* [Exercise prompt]:
Return the data exactly, apart from leaving out the pictures.

* [Dataset]:
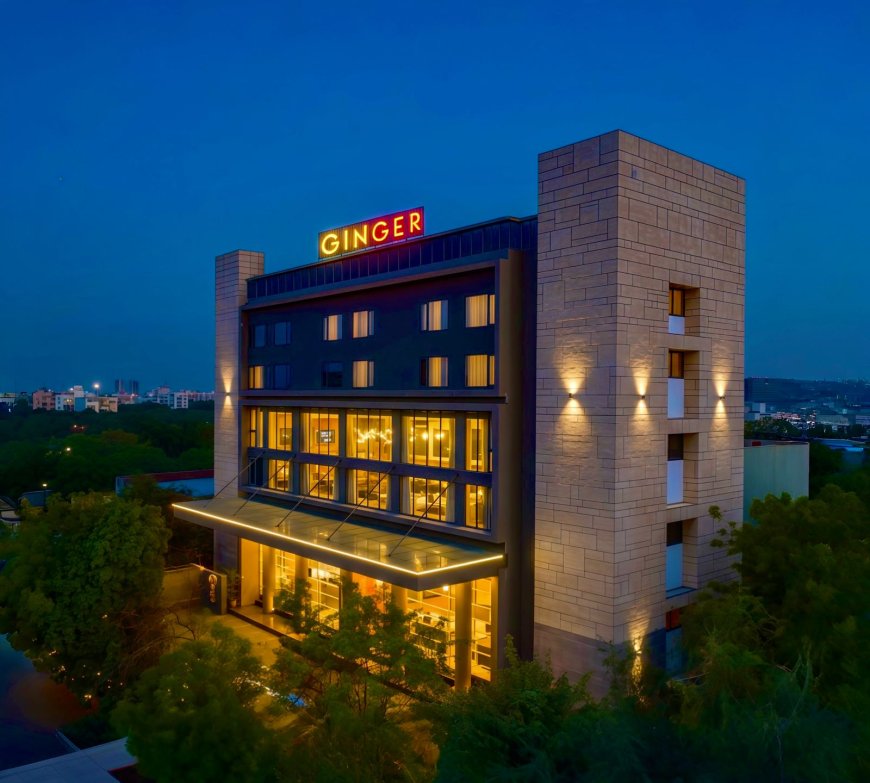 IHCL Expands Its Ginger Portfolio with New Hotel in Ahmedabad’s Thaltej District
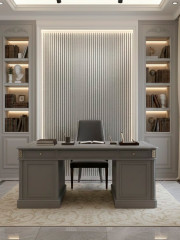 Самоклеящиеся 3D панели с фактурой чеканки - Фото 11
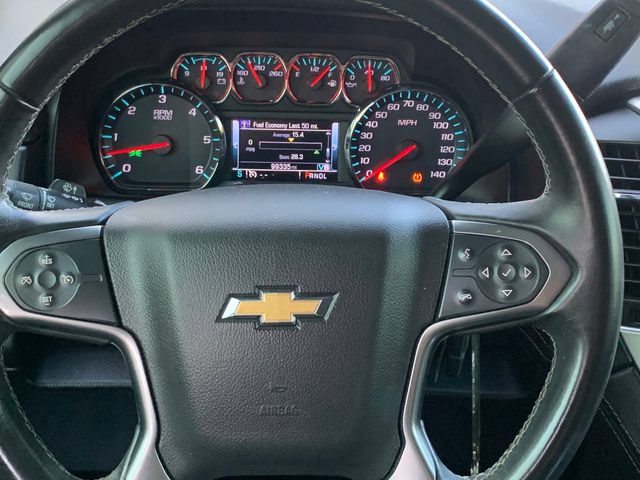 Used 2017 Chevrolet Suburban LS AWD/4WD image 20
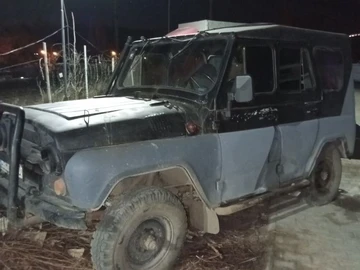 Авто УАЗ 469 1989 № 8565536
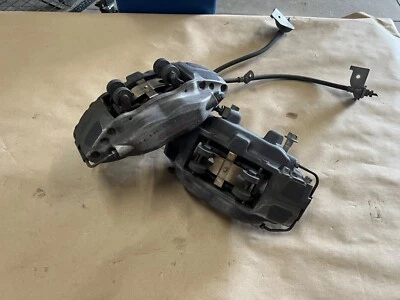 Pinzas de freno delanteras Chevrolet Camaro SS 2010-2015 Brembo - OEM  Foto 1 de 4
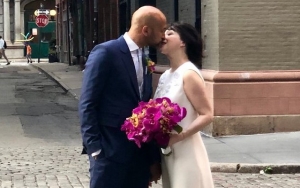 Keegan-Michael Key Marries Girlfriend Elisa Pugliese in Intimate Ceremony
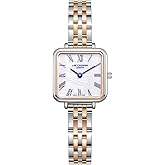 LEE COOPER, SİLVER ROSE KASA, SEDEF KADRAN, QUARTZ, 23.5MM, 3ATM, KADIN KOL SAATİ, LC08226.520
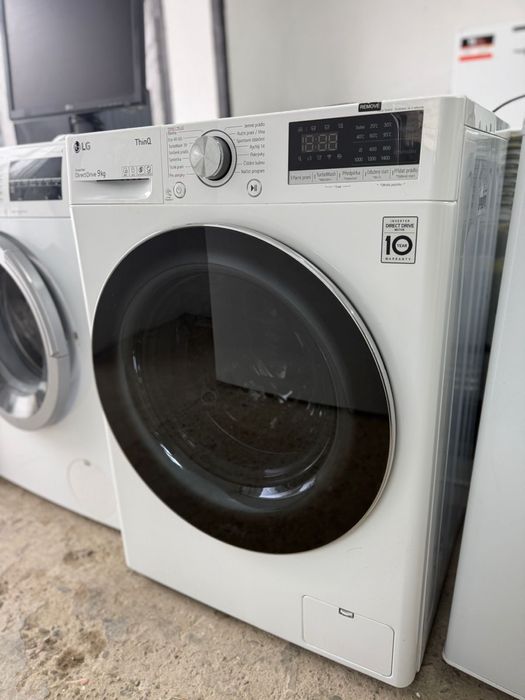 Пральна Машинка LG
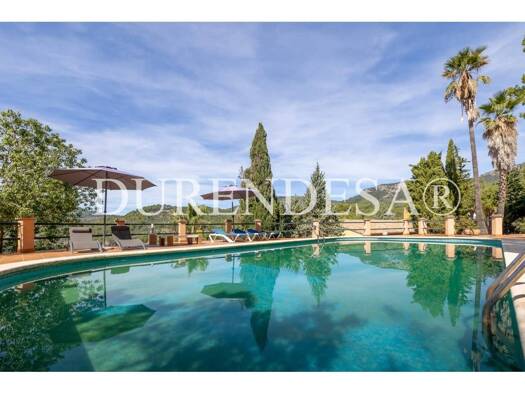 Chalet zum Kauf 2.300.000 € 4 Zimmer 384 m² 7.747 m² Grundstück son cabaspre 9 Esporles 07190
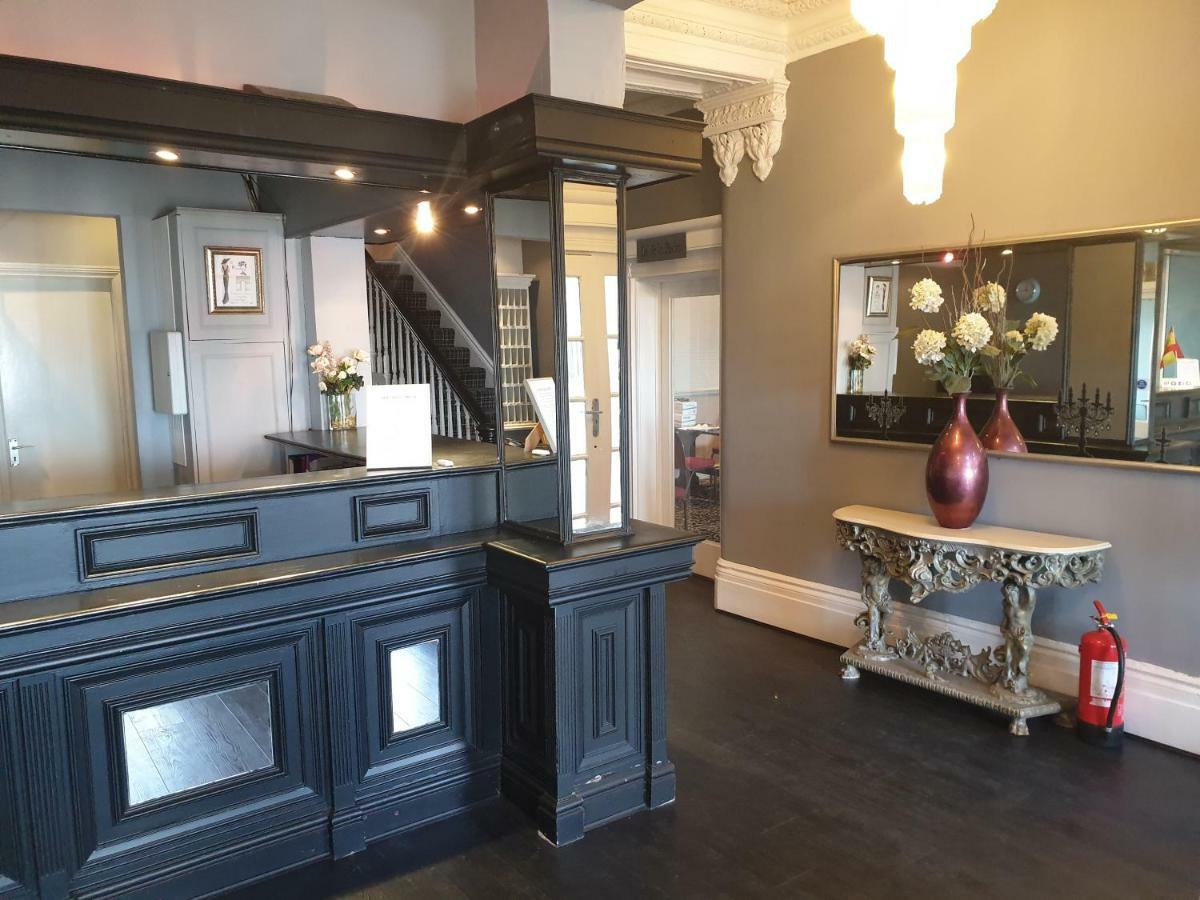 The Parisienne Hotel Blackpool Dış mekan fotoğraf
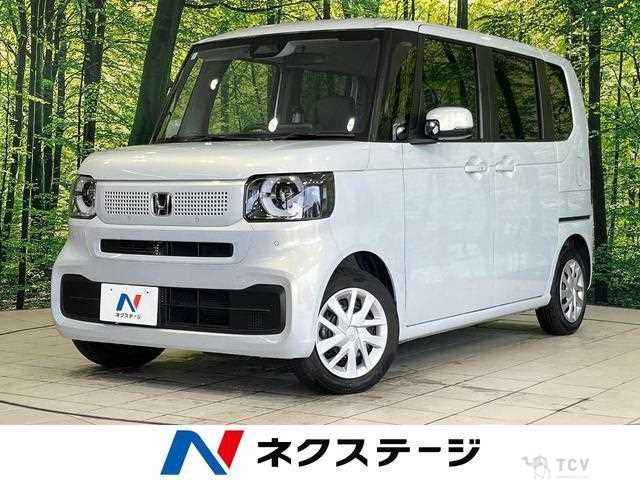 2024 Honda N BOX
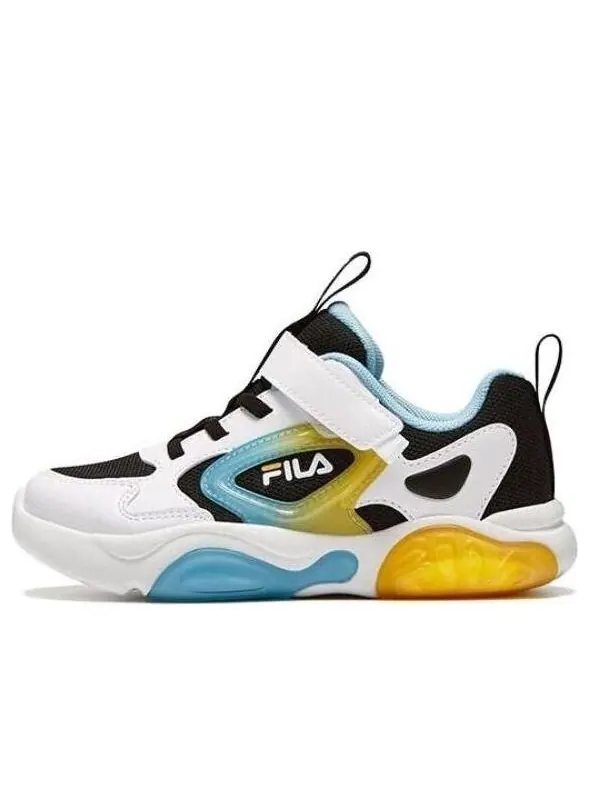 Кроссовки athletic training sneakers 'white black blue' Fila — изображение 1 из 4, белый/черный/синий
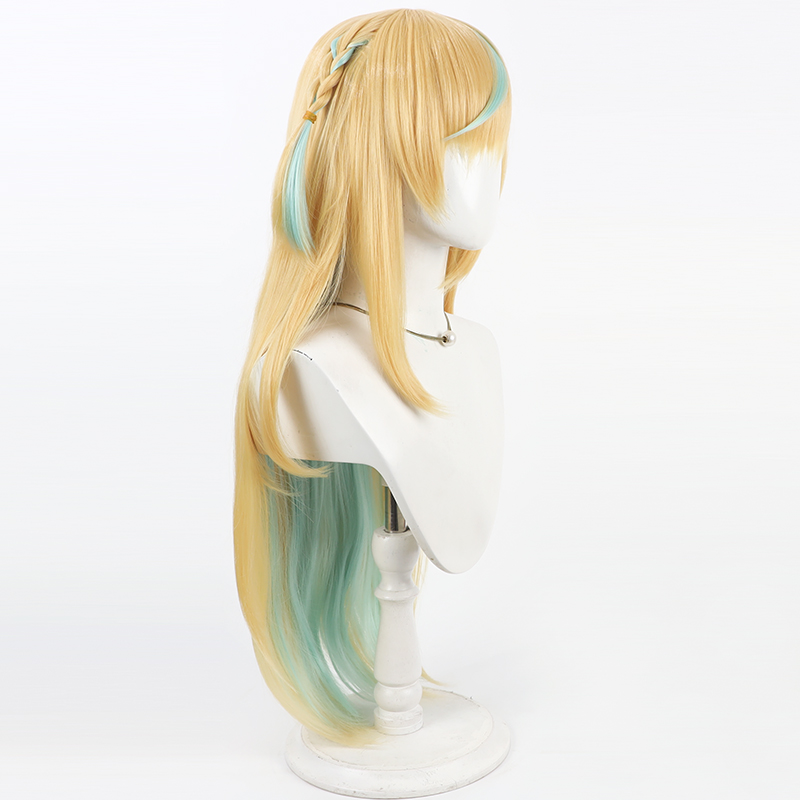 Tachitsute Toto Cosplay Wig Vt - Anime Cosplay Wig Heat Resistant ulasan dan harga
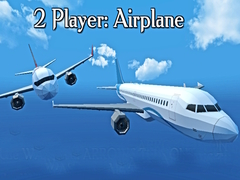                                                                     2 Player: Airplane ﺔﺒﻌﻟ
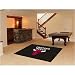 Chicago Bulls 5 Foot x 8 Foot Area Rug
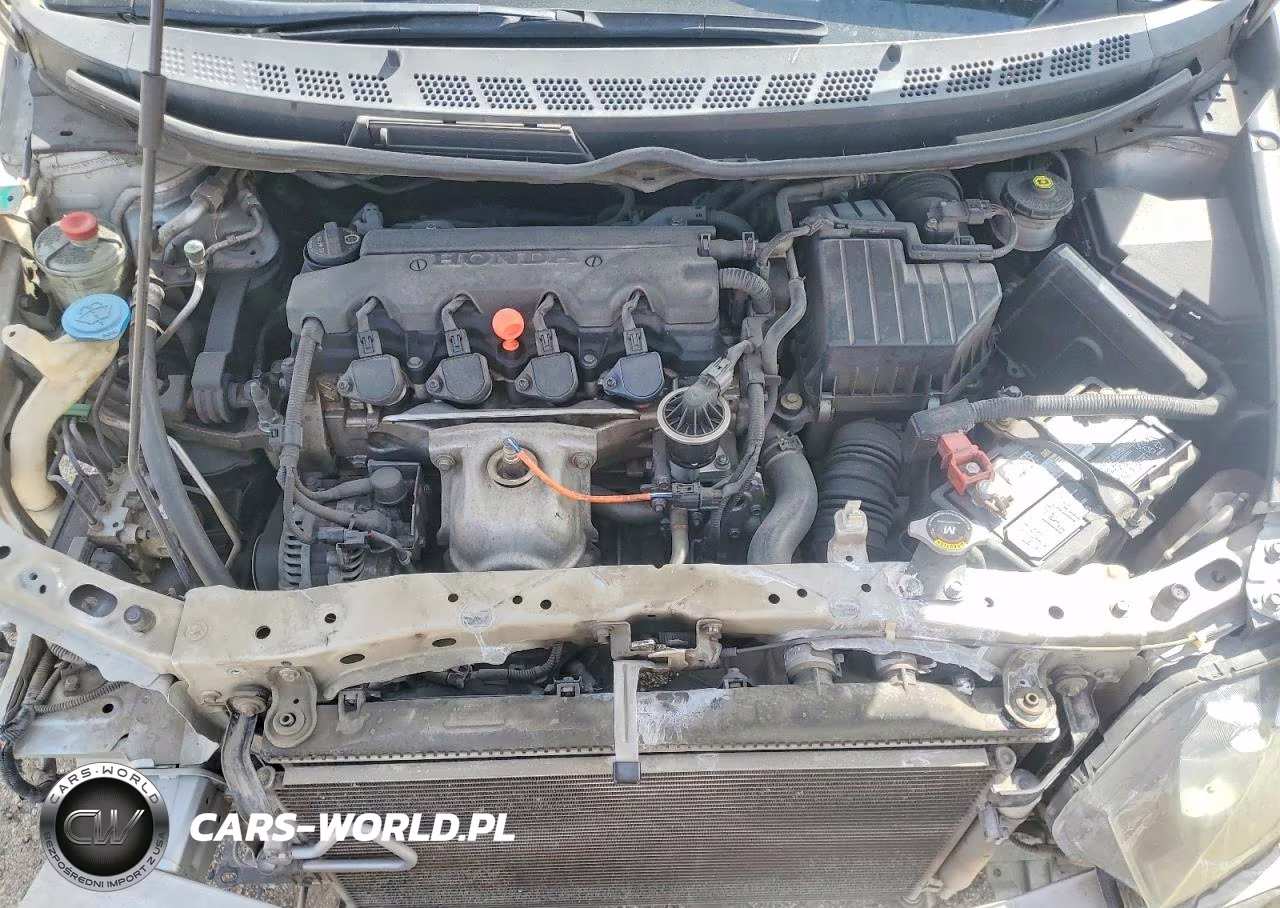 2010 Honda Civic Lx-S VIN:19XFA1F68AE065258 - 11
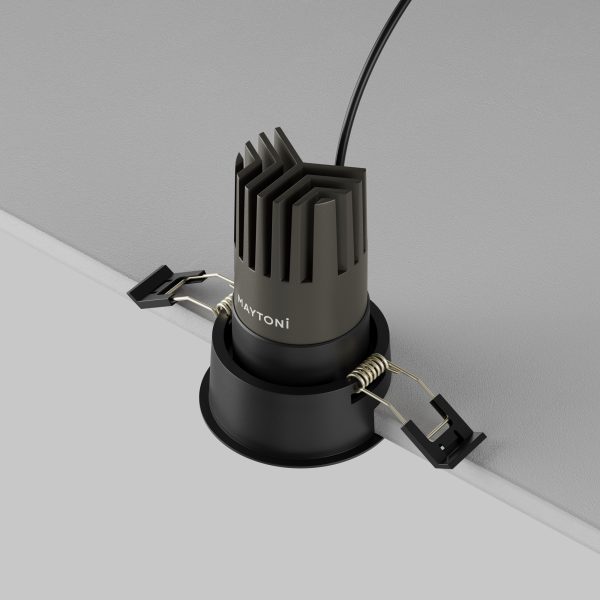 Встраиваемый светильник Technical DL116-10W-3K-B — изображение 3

* [Result of the exercise]:
 IHCL Expands Its Ginger Portfolio with New Hotel in Ahmedabad’s Thaltej District
 Самоклеящиеся 3D панели с фактурой чеканки - Фото 11
 Used 2017 Chevrolet Suburban LS AWD/4WD image 20
 Авто УАЗ 469 1989 № 8565536
 Pinzas de freno delanteras Chevrolet Camaro SS 2010-2015 Brembo - OEM  Foto 1 de 4
 Keegan-Michael Key Marries Girlfriend Elisa Pugliese in Intimate Ceremony
 LEE COOPER, SİLVER ROSE KASA, SEDEF KADRAN, QUARTZ, 23.5MM, 3ATM, KADIN KOL SAATİ, LC08226.520
 Пральна Машинка LG
 Chalet zum Kauf 2.300.000 € 4 Zimmer 384 m² 7.747 m² Grundstück son cabaspre 9 Esporles 07190
 The Parisienne Hotel Blackpool Dış mekan fotoğraf
 2024 Honda N BOX
 Кроссовки athletic training sneakers 'white black blue' Fila — изображение 1 из 4, белый/черный/синий
 Tachitsute Toto Cosplay Wig Vt - Anime Cosplay Wig Heat Resistant ulasan dan harga
                                                                     2 Player: Airplane ﺔﺒﻌﻟ
 Chicago Bulls 5 Foot x 8 Foot Area Rug
 2010 Honda Civic Lx-S VIN:19XFA1F68AE065258 - 11
 Встраиваемый светильник Technical DL116-10W-3K-B — изображение 3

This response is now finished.